Mitgliedsverlage, die von Vorwerk abgemahnt werden oder wurden, können sich gern an Susanne Barwick von der Rechtsabteilung des Börsenvereins wenden (E-Mail: barwick@boev.de).

Der Fall Langenscheidt: Farbmarke Gelb

Eine Hausfarbe lässt sich erfolgreich schützen, wie das Beispiel Langenscheidt zeigt. Der Verlag hatte das typische Langenscheidt-Gelb 2010 als Farbmarke beim Deutschen Patent- und Markenamt eintragen lassen – und den Sprachkursanbieter Rosetta Stone auf Unterlassung und Schadenersatz verklagt, weil dieser ein sehr ähnliches Gelb online, in der Werbung und für Verpackungen nutzte.

Der Bundesgerichtshof bestätigte den Schutz der Farbmarke 2014 auch für wörterbuchverwandte Produkte wie Sprachlernsoftware. Wichtiges Kriterium: die sogenannte Verkehrsdurchsetzung. So muss die Farbe über viele Jahre werbeintensiv genutzt worden sein – und von dem Großteil der Verbraucher mit dem Unternehmen in Verbindung gebracht werden.

Der Fall Pixi: Eine Frage des Formats

Der Carlsen Verlag hat seine Pixi-Reihe als Wortmarke schützen lassen – und verteidigt die 60 Jahre alte Idee der Minibücher immer wieder juristisch. Das typische Format (10 × 10 cm) unterliegt zwar keinem markenrechtlichen, aber dafür einem wettbewerbsrechtlichen Schutz, wie zuletzt 2014 und 2016 das Hamburger Landgericht befand.

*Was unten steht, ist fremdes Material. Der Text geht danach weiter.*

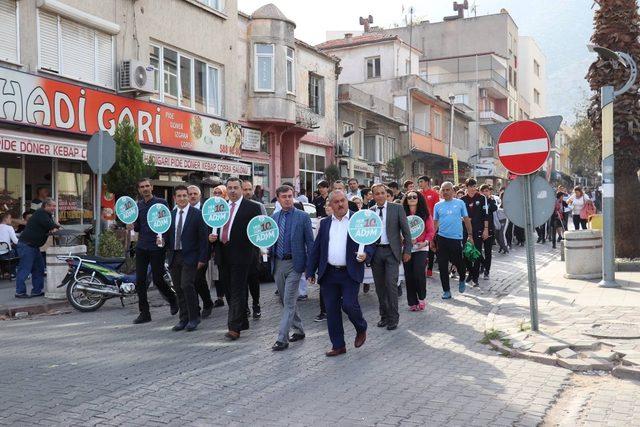 Kırkağaç’ta sağlıklı yaşam için yürüdüler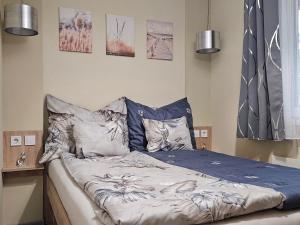 Posteľ alebo postele v izbe v ubytovaní Bowery Guest Houses - Árnyas vendégházak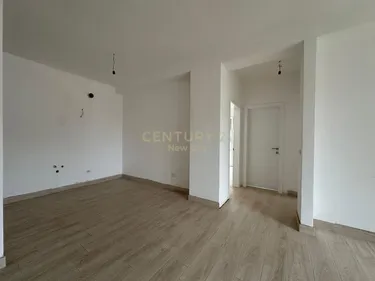 Foto e Apartment në shitje Golem, Durrës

Eine Agentur hatte klammergebundene Büchlein in ähnlicher Größe für verschiedene Kunden produziert. Das Gericht erkannte darin eine unlautere Nachahmung. Verbraucher würden über die Herkunft getäuscht. Ebenso urteilte eine andere Kammer des Landgerichts Hamburg gegen einen Lebensmittelproduzenten. Schützenswert sind die Pixi-Bücher, weil der Verlag damit ein ganz neues Format mit hohem Wiedererkennungswert erfunden und am Markt etabliert hat.

Der Fall Winnetou: Markenschutz für eine Romanfigur

Der Karl-May-Verlag hat die Romanfigur Winnetou als Gemeinschaftsmarke eintragen und damit EU-weit schützen lassen – für Druckerzeugnisse, aber auch für Lederwaren, Filme und vieles mehr. Darüber wird gerichtlich gestritten: Constantin Film hatte 2013 teilweise erfolgreich die Löschung beim Markenamt der Union beantragt, das Europäische Gericht hob die Entscheidung 2016 wieder auf und verwies den Fall zurück ans Markenamt (wo er derzeit liegt).

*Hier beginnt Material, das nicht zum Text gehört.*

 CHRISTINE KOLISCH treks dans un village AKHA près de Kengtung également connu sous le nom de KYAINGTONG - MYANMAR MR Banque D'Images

Ein Streitpunkt: Steht der Name Winnetou nur für Karl Mays konkrete Romanfigur – oder ganz allgemein für die Begriffe Indianer und Indianerhäuptling? Allgemeingültigkeit würde einen Markenschutz verhindern, doch die Richter sahen diese Position nicht ausreichend begründet.  Ein Sieg für den Verlag, denn: "Für uns ist der Markenschutz ein weiteres Standbein, weil das Urheberrecht für Teile der Karl-May-Werke ja bereits lange abgelaufen ist", so Verleger Bernhard Schmid.

Aktuell prozessiert der Karl-May-Verlag vor dem Düsseldorfer Landgericht gegen die Filmfirma Rat Pack (Mehrheitseigner: Constantin), die für RTL einen "Winnetou"-Dreiteiler produziert hat, ausgestrahlt an Weihnachten 2016. Durch den Filmtitel "Winnetou" sieht der Verlag den Titelschutz verletzt.